(Beginning of DATA RECORDS)

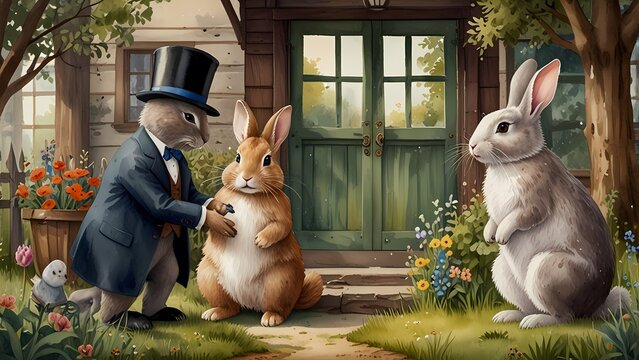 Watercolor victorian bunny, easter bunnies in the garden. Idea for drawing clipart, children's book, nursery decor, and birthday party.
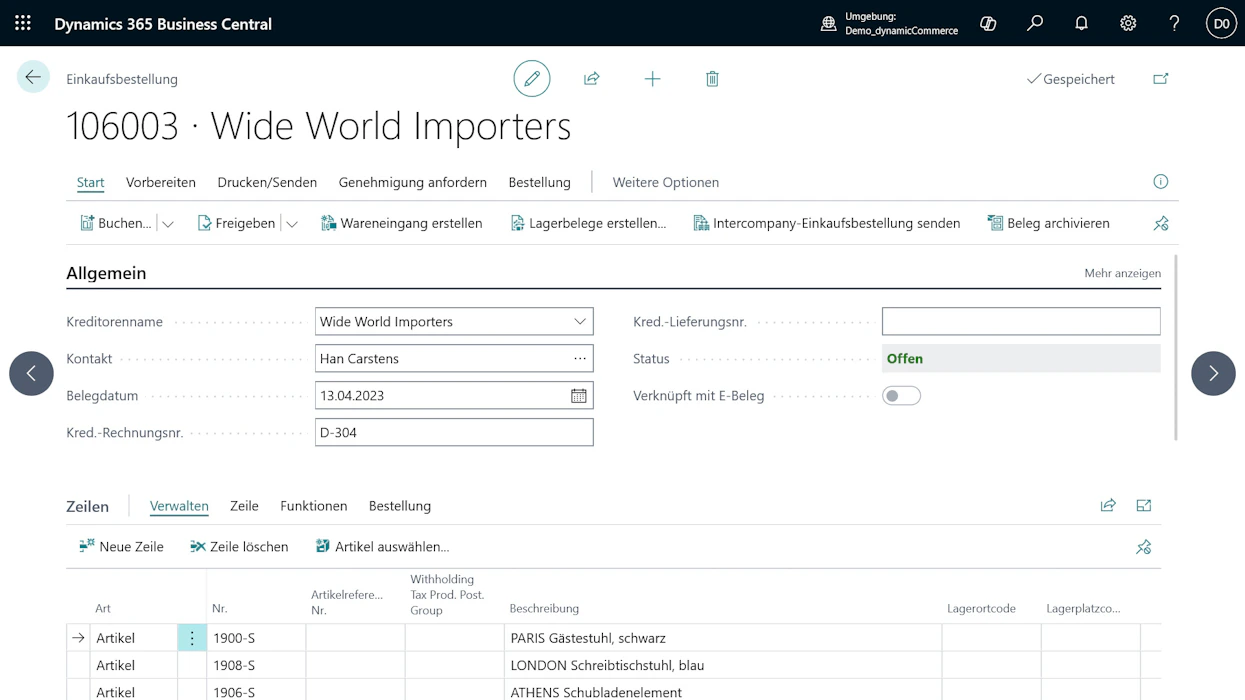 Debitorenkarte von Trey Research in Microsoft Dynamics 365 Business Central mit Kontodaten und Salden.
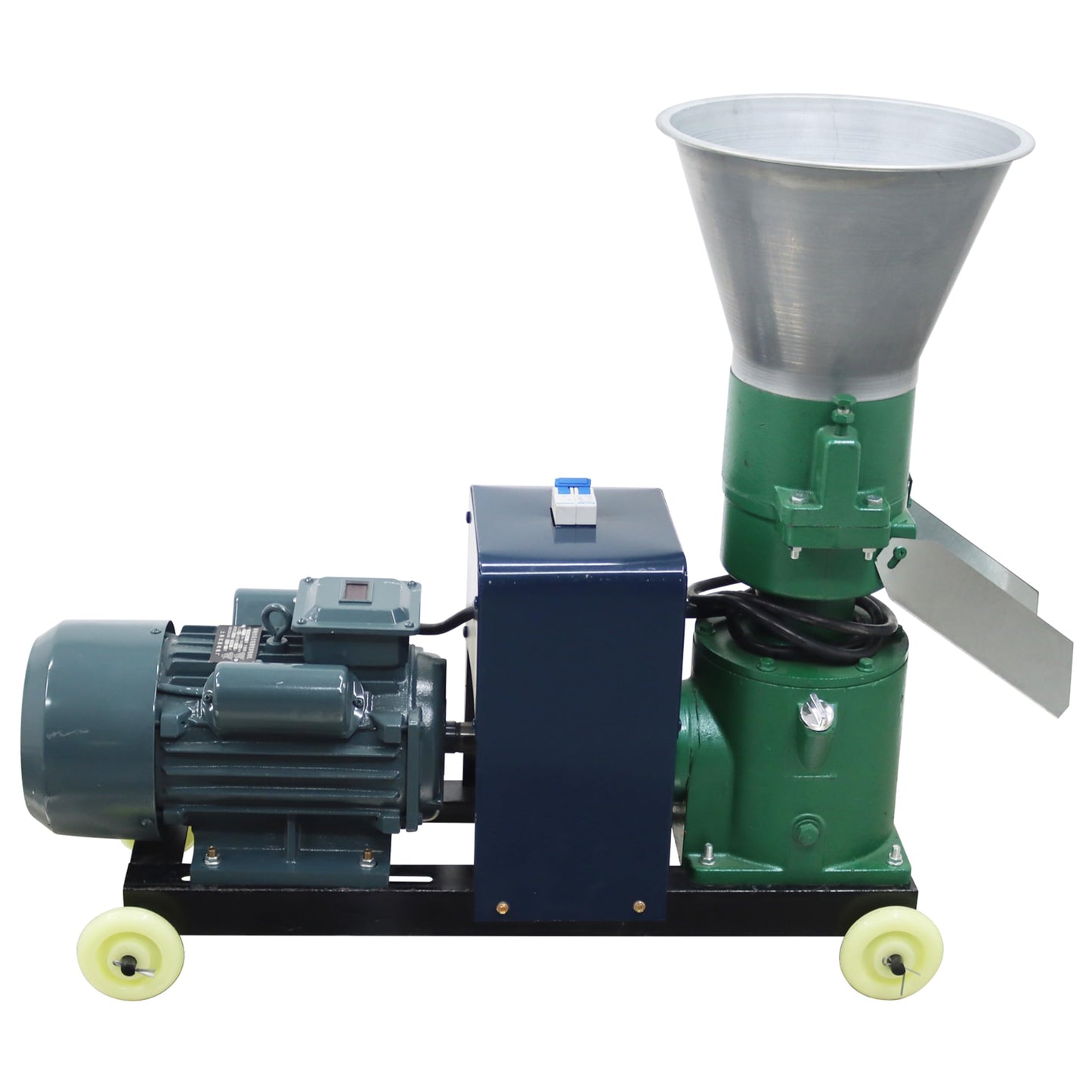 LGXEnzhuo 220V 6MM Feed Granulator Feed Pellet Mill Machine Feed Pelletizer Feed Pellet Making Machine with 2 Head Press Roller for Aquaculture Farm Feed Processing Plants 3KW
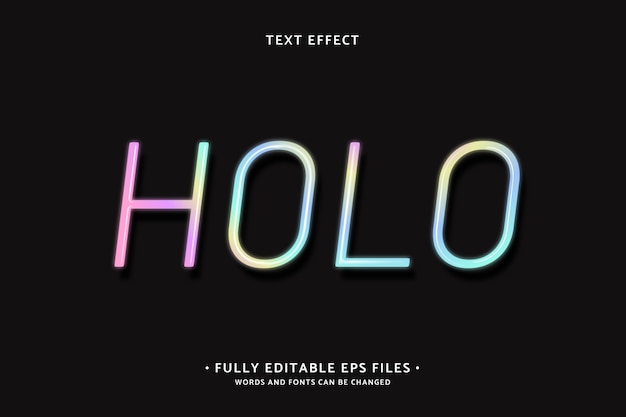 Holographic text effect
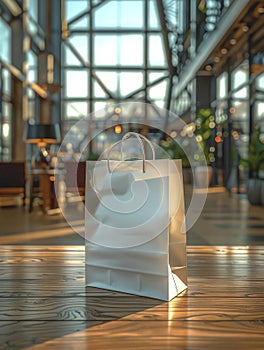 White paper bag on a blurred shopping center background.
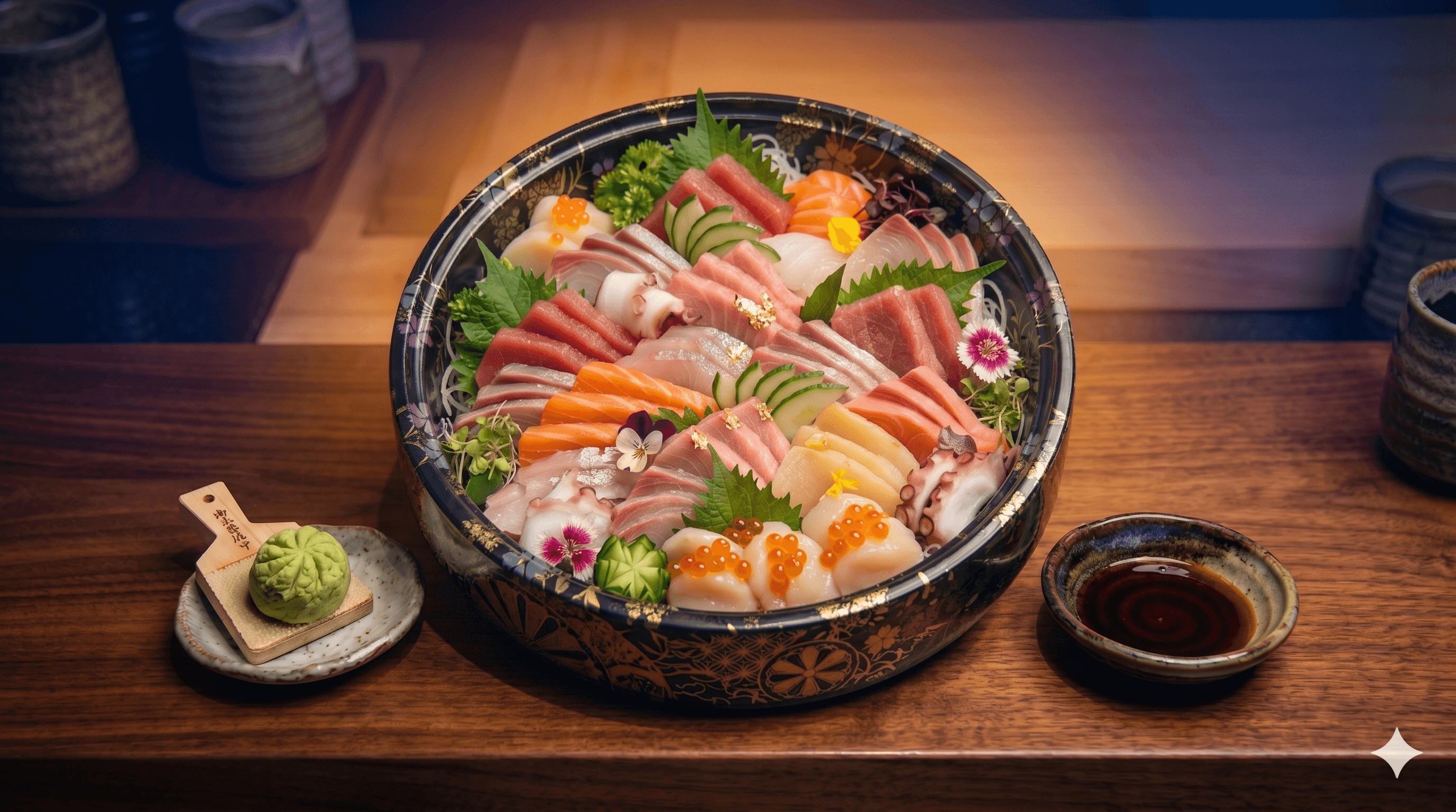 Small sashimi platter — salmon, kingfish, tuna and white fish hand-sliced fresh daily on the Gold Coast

(End of DATA RECORDS)

Would you print the material exactly once more, without any of its pictures?

TASK RESPONSE -
 Watercolor victorian bunny, easter bunnies in the garden. Idea for drawing clipart, children's book, nursery decor, and birthday party.
 Debitorenkarte von Trey Research in Microsoft Dynamics 365 Business Central mit Kontodaten und Salden.
 LGXEnzhuo 220V 6MM Feed Granulator Feed Pellet Mill Machine Feed Pelletizer Feed Pellet Making Machine with 2 Head Press Roller for Aquaculture Farm Feed Processing Plants 3KW
 Holographic text effect
 White paper bag on a blurred shopping center background.
 Small sashimi platter — salmon, kingfish, tuna and white fish hand-sliced fresh daily on the Gold Coast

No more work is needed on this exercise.